此外,在具体的文学作品的介绍中,在文体方面进行了扩充。在以往的世界文学史编纂中,不论是国内还是国外,大多都集中在诗歌、小说、戏剧三大文体种类的介绍与探讨。而在这部《世界文学史》中,则抛弃了诗歌、小说、戏剧三大文体中心论的“偏见”,从论述对象当时当地的文学史实出发,除了对主流文体的评介之外,还对散文、寓言、童话、曲词等体裁进行的评介。对于传统观念中的非主流文学现象采取了有选择的包容、接纳的态度,并对其进行较为客观的评价与介绍,在很大程度上,保护了“世界文学史”的完整性。以第三编东斯拉夫文学中的第一章俄罗斯文学为例,编著者从17世纪俄罗斯的社会历史背景出发,介绍了在当时颇为盛行的民主文学叙述体裁,包括《1060年的故事》、《荣耀俄国之新事》、《棘鲈的故事》、《谢米亚克法庭的故事》等,涵盖了讽刺模拟作品、童话故事、动物故事、历史歌曲等体裁。真实而全面地展示了17世纪俄罗斯文学的图景。其次,在介绍爪哇文学时,除了介绍爪哇长诗,还介绍了爪哇传统的哇扬戏。
(二)联系视角,贯通叙述
《世界文学史》的第二大特点便是采取联系的视角,结合社会、历史、政治、宗教、文化、哲学等相关因素,对各地区、各国家的文学史实进行贯通叙述。在每一编具体文学史实的相关论述展开之前,编纂者都设置了一个介绍当时当地社会历史文化背景的引言,在这一介绍中,各种政治事件、社会状况、文化潮流、宗教主张等都与当时的文学状况自然而紧密地联系在了一起,为紧接着要进行的文学史评介打下了基础。就单一国别断面的介绍来看,在讲到17世纪俄罗斯文学时,编纂者首先介绍了当时的时代背景:“十七世纪的俄罗斯文学正处于两大时代——中世纪和新时期——的交汇处。全俄罗斯市场的形成、规模宏大的社会运动的风起云涌、新的社会阶层登上历史舞台,这一切都促使国家文化生活的巨变,新概念和新思想的成熟……俄罗斯人在亚洲的北部和东北部完成了极富价值的地理发现。”这些关于地理、政治、经济、思想相关情况的介绍为后文中对“翻译文学”、“民主文学的叙述体裁”、“大司祭阿瓦库姆和自传体文学的发展”的介绍奠定了理解基础;此外,在讲到斯里兰卡的僧伽罗文学时,先介绍了佛学在该地区所在文化圈的传播轨迹及其影响;在讲到缅甸文学时,则先介绍了缅甸政治和文化生活中心南移的历史背景。这些联系具体社会、历史、政治、文化、宗教相关事件、情况的介绍,都为我们理解当时当地文学发展情况奠定了充分的背景基础,使得相关文学史实的介绍读来更有融会贯通之感。

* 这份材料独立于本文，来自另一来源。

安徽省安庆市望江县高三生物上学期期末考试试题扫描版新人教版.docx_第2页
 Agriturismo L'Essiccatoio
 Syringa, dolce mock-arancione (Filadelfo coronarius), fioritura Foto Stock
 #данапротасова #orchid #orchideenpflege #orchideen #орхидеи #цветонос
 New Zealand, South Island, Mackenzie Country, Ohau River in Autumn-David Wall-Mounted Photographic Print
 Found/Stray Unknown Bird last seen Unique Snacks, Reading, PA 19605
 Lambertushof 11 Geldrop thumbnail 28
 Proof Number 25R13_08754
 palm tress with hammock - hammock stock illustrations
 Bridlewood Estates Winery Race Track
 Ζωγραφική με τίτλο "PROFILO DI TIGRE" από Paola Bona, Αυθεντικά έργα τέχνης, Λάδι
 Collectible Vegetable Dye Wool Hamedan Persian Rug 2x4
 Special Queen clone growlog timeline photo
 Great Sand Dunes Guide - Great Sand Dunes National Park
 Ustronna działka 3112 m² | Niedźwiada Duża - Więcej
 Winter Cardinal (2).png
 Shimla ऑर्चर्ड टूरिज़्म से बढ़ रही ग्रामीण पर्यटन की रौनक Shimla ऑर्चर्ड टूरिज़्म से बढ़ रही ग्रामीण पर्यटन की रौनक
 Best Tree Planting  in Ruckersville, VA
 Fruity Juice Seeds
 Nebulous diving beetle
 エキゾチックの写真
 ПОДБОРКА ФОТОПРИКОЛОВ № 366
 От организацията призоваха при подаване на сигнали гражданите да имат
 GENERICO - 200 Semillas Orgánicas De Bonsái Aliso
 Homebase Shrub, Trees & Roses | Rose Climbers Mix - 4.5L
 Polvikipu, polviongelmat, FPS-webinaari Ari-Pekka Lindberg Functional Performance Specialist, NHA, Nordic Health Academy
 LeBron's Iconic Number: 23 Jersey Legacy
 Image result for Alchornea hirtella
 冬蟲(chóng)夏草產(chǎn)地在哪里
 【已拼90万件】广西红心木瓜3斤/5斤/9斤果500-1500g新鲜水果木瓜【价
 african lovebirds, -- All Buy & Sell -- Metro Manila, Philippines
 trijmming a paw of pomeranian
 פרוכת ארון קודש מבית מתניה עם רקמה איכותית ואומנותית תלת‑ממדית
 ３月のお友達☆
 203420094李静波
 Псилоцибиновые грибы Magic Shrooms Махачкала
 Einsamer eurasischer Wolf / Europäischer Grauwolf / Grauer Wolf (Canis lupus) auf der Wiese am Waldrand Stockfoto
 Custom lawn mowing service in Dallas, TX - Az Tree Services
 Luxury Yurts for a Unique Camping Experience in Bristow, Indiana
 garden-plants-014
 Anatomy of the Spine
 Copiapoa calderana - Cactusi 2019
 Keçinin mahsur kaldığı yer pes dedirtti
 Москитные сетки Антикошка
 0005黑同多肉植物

就某一国别线性的文学史叙述来看,也体现出了贯通叙述的特点。这里仍以俄罗斯文学为例,第四卷下册主要介绍了17世纪俄罗斯文学的主要情况,属于断代研究的一段成果。而在该套著作的其他册中,编纂者也严密地按照时间划分,分别介绍了自古代文学以来至20世纪的俄罗斯文学,这些内容虽未出现在一册书中,但就整体而言,仍然具有完整贯一的特点。这些各个时段的俄罗斯文学的相关介绍放在一起,就组成了一部颇为完整的俄罗斯文学史。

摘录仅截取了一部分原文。